[Opening RAW DATA section]
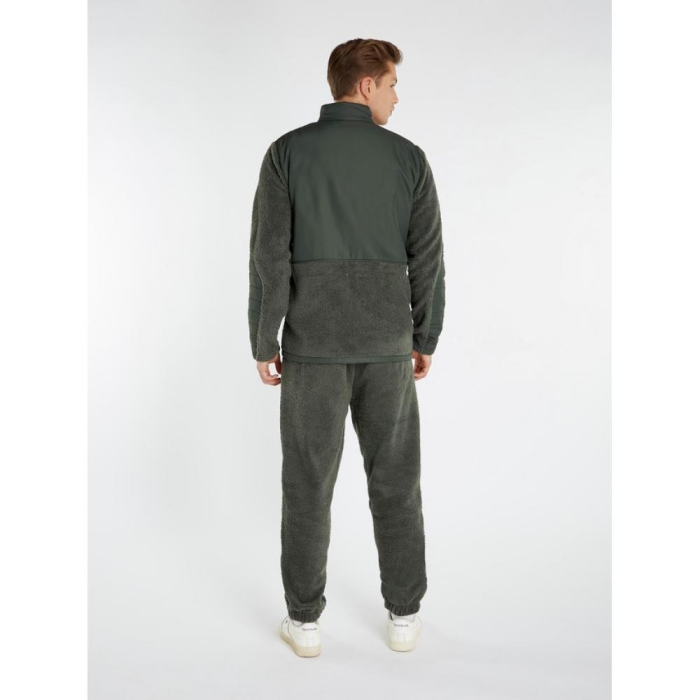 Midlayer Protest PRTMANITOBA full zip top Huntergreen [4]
[Closing RAW DATA section]
[Opening RAW DATA section]
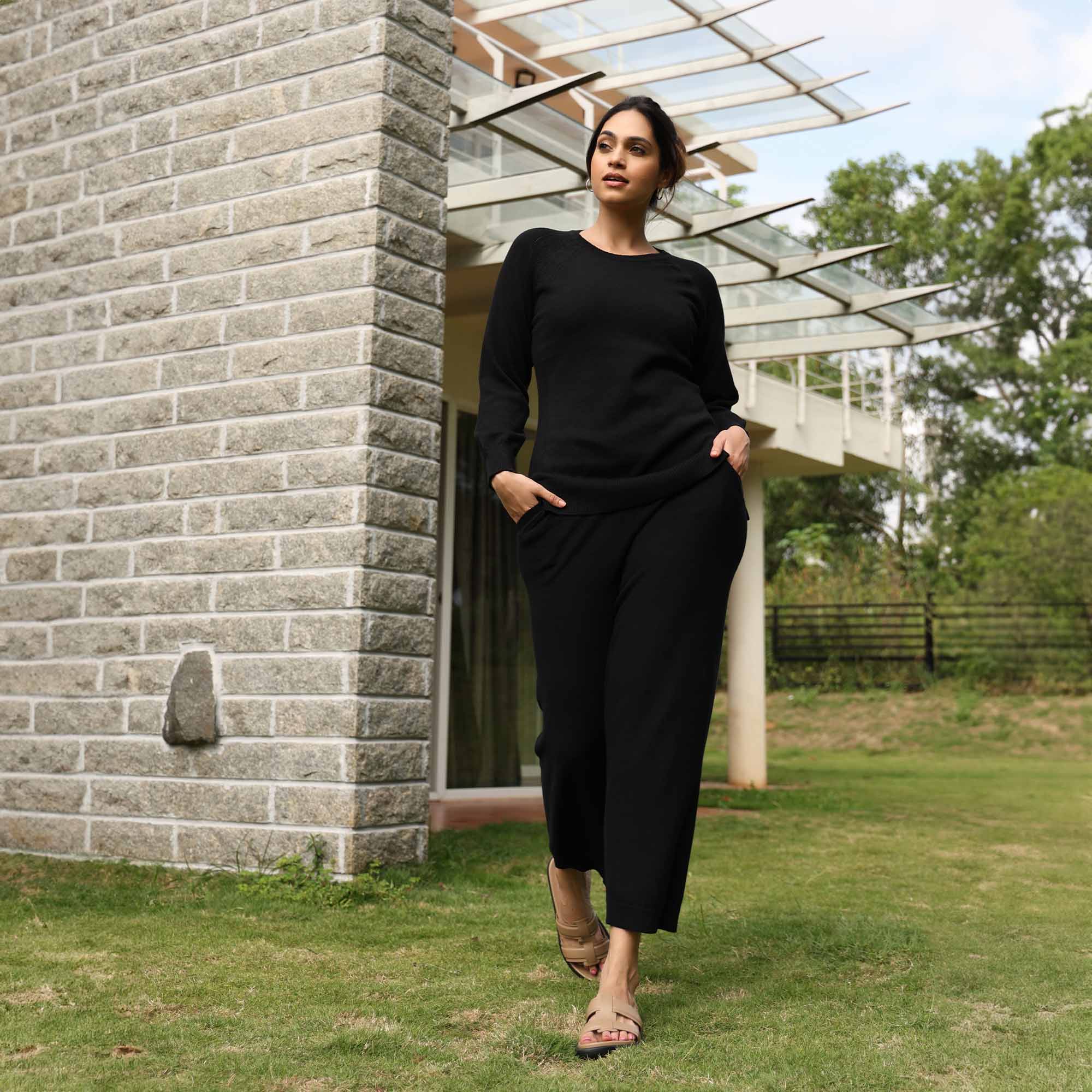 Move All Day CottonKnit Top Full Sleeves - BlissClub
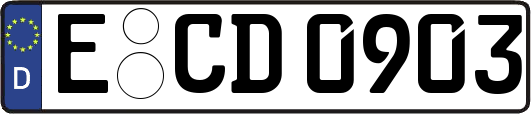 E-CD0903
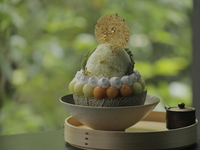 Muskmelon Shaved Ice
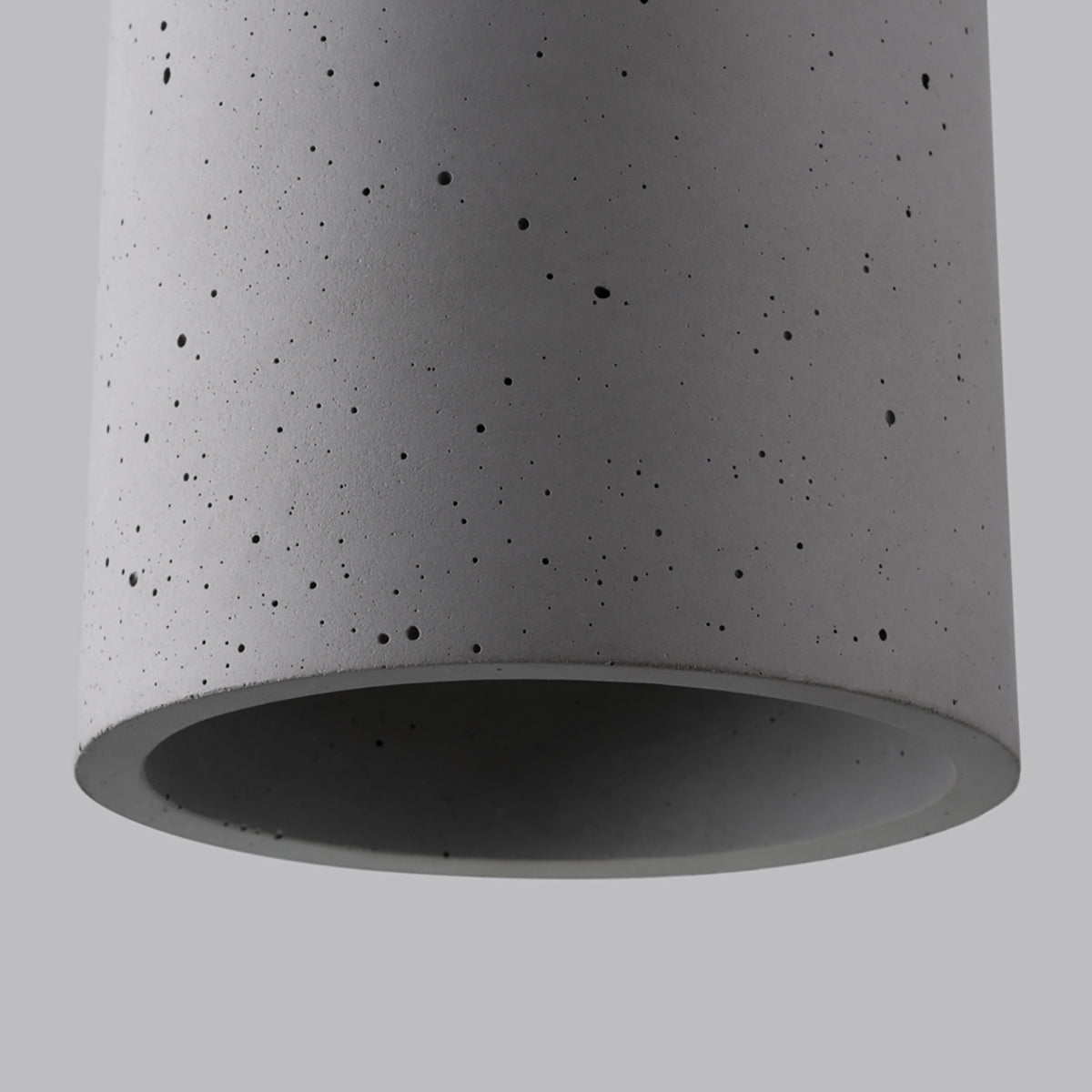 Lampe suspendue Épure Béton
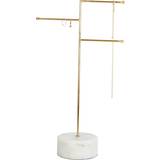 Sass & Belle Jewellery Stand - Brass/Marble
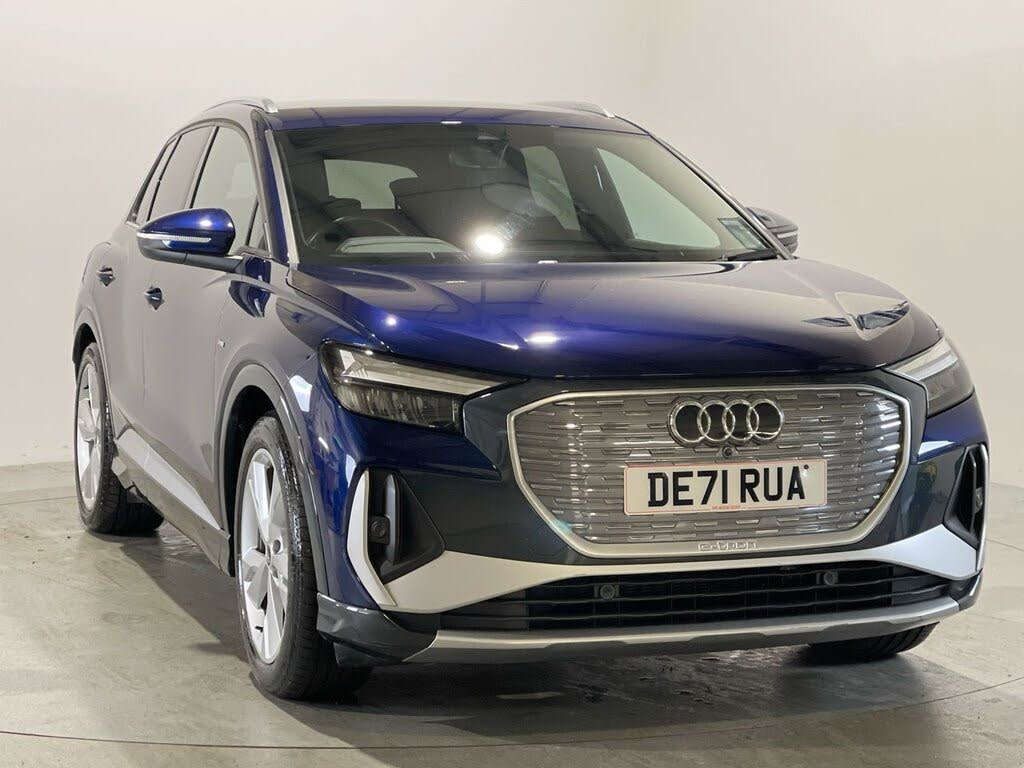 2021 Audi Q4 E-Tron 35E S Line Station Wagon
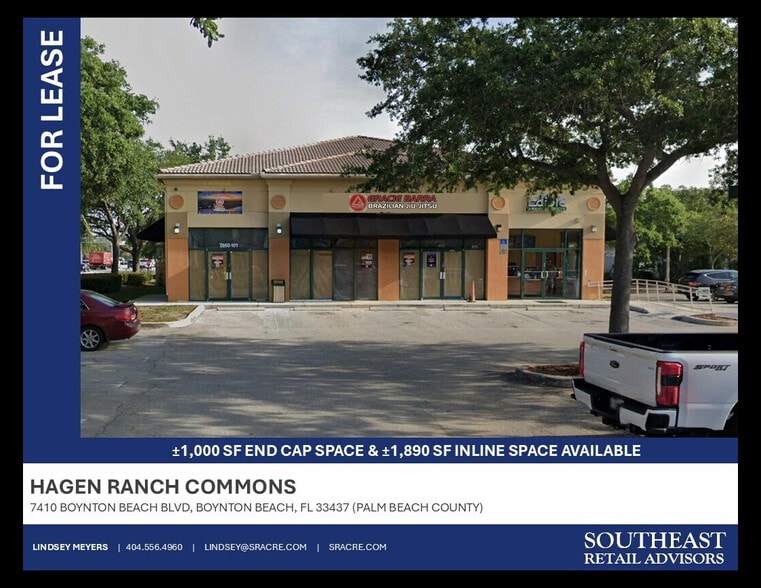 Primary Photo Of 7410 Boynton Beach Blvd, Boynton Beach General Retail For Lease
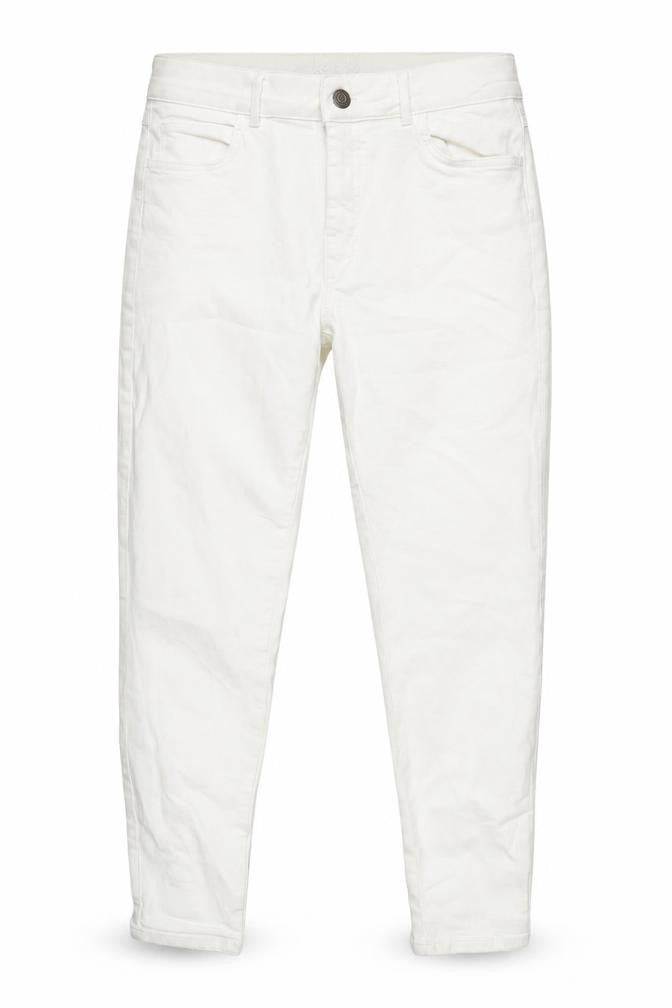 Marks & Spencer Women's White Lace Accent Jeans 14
[Closing RAW DATA section]
REQUIREMENT → Reproduce the listing above from the line that holds "Sass & Belle Jewellery Stand - Brass/Marble" through the line that holds "Marks & Spencer", both included, with the pictures left out.

OUTPUT BELOW →
 Sass & Belle Jewellery Stand - Brass/Marble
 2021 Audi Q4 E-Tron 35E S Line Station Wagon
 Primary Photo Of 7410 Boynton Beach Blvd, Boynton Beach General Retail For Lease
 Marks & Spencer Women's White Lace Accent Jeans 14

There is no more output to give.